TRENTON, NJ, July 3, 2015 (LifeSiteNews) – Chris Christie is not known for nuance. This time, he has turned his fiery personality loose on county clerks and other officials who have religious objections to performing same-sex “marriages.”
In a tone usually reserved for busting teachers' unions, Christie told clerks who hold traditional values, “You took the job, and you took the oath.” He would offer no exemption for an individual whose conscience would not allow him to participate in a union the vast majority of the world's religions deem sinful.
“When you go back and re-read the oath it doesn’t give you an out. You have to do it,” he said.
He told a reporter that there “might” be “individual circumstances” that “merit some examination, but none that come immediately to mind for me.”
“I think for folks who are in the government world, they kind of have to do their job, whether you agree with the law or you don’t,” the pugnacious governor said.
Since the Supreme Court voted 5-4 to legalize homosexual “marriage” last Friday, elected officials have grappled with how to safeguard the rights of those who have deeply held religious beliefs that would not allow them to participate in such a ceremony.
Christie's response differs markedly from other GOP hopefuls' responses to the Supreme Court ruling. Mike Huckabee, for instance, has specifically said that clerks should have conscience rights. Louisiana Gov. Bobby Jindal signed an executive order granting such rights and ordered clerks to wait until a pending court case was fully adjudicated before any clerk issues a marriage license to a homosexual couple.

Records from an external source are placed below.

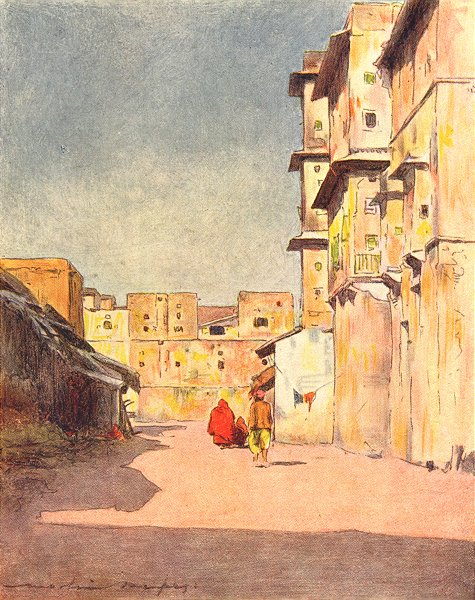 Associate Product INDIA. A street in Jaipur 1905 old antique vintage print picture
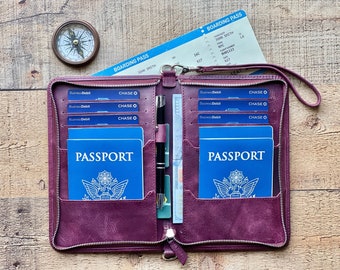 Custom Purple Leather Large Passport Cover, Zipped Family Passport Holder, Personalized Passport Travel Wallet Secured Passport Bag 6 Holder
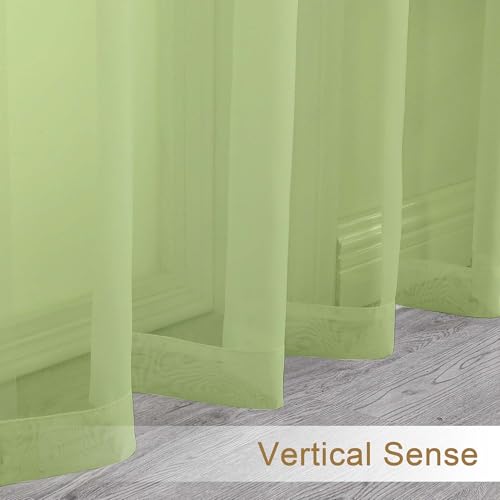 Lime Sheer Curtains 45 Inch Long 2 Panels (Lime / 42"W x 45"L (Pack of 2))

Christie gave up a legal appeal after a superior court judge struck down his state's voter-approved constitutional marriage protection amendment. New Jersey is the only state where such a low court overturned the will of the voters.
The decision to ignore conscience rights adds to the growing number of Christie's positions that give conservatives pause.
The natural locus of support for a Christie 2016 presidential run is the Republican's socially liberal donor class, for personal as well as political reasons. His wife works on Wall Street, and some of the GOP's high-dollar donors – including Paul Singer – have courted Christie for years.
However, this year Jeb Bush, Marco Rubio, and to a lesser degree Scott Walker have eclipsed Christie as the preferred candidates of the boardroom donors – who sometimes prefer Democrats to Republicans.
Christie also used language during a speech before the Republican Jewish Coalition last year, which concerned some major GOP donors.
Christie is reportedly spending this weekend with Mitt Romney and his family at Romney's New Hampshire home. Romney declined to enter the 2016 race himself and may be able to open his donor list to Christie's struggling campaign.